## EXERCISE PROMPT
With pictures omitted, copy exactly every line from the one that contains "HydroChill™ Cooling Mat for Dogs & Cats" to the end of the listing below.

## DATA EXTRACT
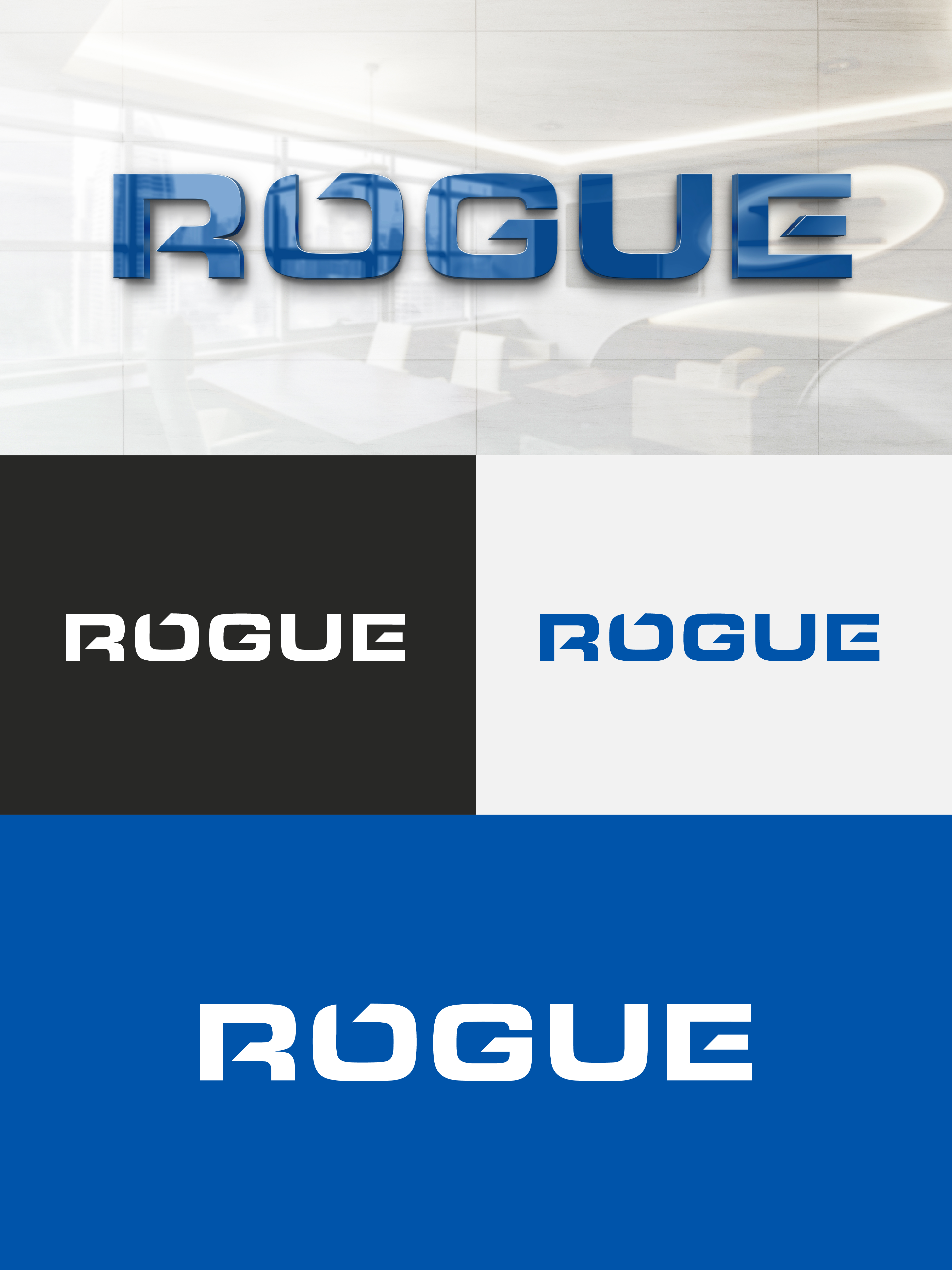 Logo Design by logospot studio for this project | Design #35794461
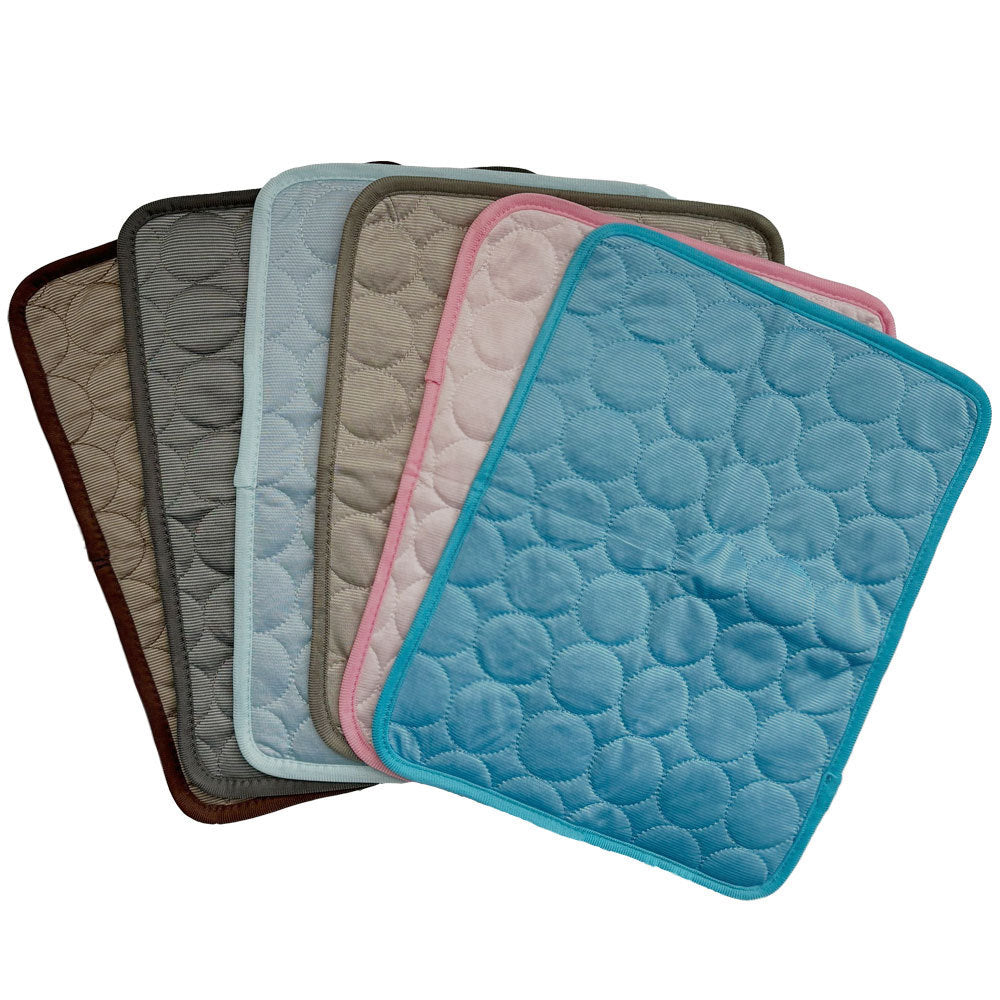 HydroChill™ Cooling Mat for Dogs & Cats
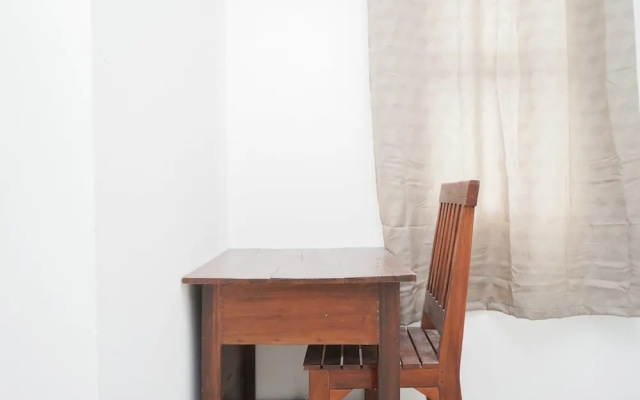 New and Simply Studio at Urbantown Serpong Apartment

## TASK SOLUTION
 HydroChill™ Cooling Mat for Dogs & Cats
 New and Simply Studio at Urbantown Serpong Apartment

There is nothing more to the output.